:: Data extract ::
§
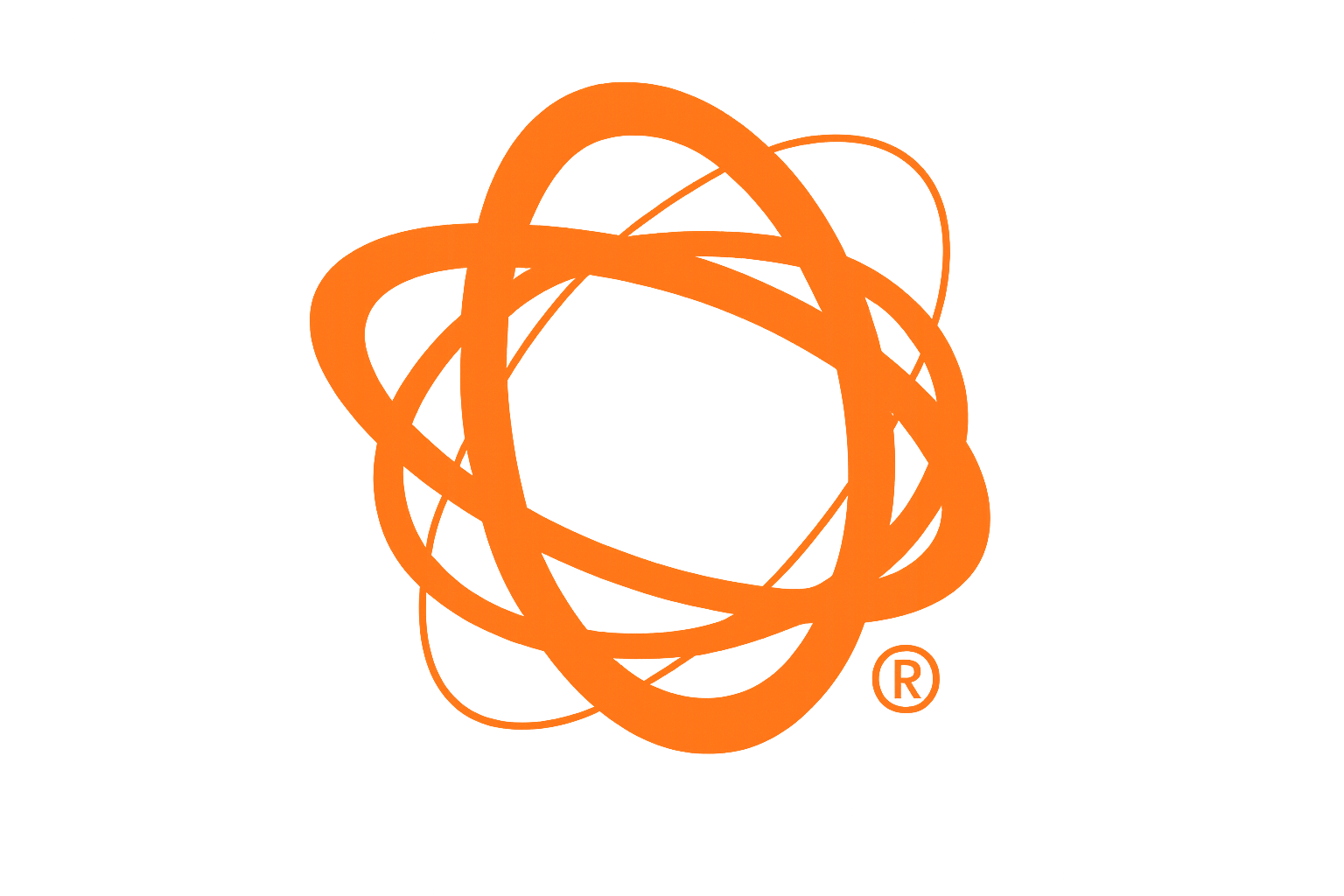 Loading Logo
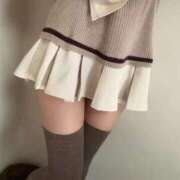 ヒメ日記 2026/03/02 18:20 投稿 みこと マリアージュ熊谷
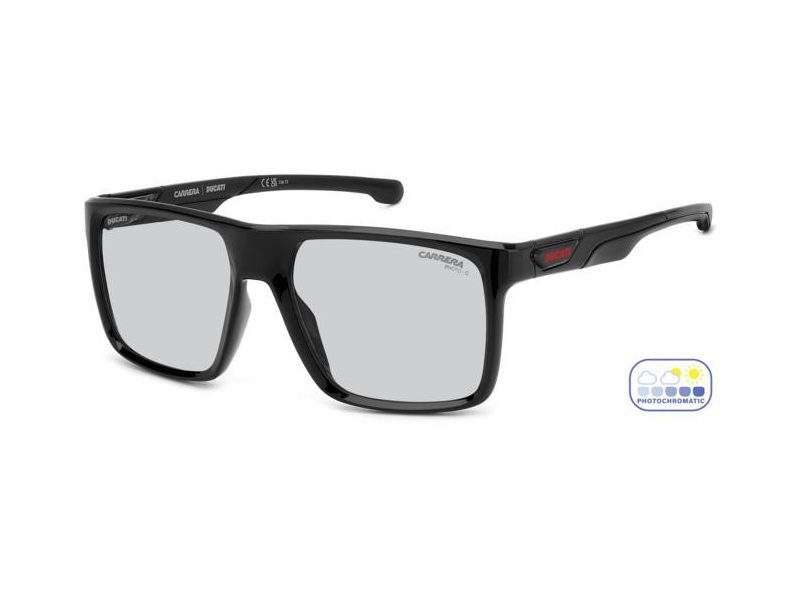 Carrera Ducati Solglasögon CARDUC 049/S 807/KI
§
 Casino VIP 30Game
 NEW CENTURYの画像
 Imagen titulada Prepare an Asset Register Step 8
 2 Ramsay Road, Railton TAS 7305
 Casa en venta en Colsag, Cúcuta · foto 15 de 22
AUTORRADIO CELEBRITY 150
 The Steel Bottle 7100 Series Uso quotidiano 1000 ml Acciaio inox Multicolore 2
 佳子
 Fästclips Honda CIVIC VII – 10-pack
§
:: Task goal ::
Of the entries listed above, reproduce only the lines starting at the line containing "Casa en venta" and ending at the line containing "Fästclips Honda CIVIC VII – 10-pack". Include both, exactly as they stand.

:: Response ::
 Casa en venta en Colsag, Cúcuta · foto 15 de 22
AUTORRADIO CELEBRITY 150
 The Steel Bottle 7100 Series Uso quotidiano 1000 ml Acciaio inox Multicolore 2
 佳子
 Fästclips Honda CIVIC VII – 10-pack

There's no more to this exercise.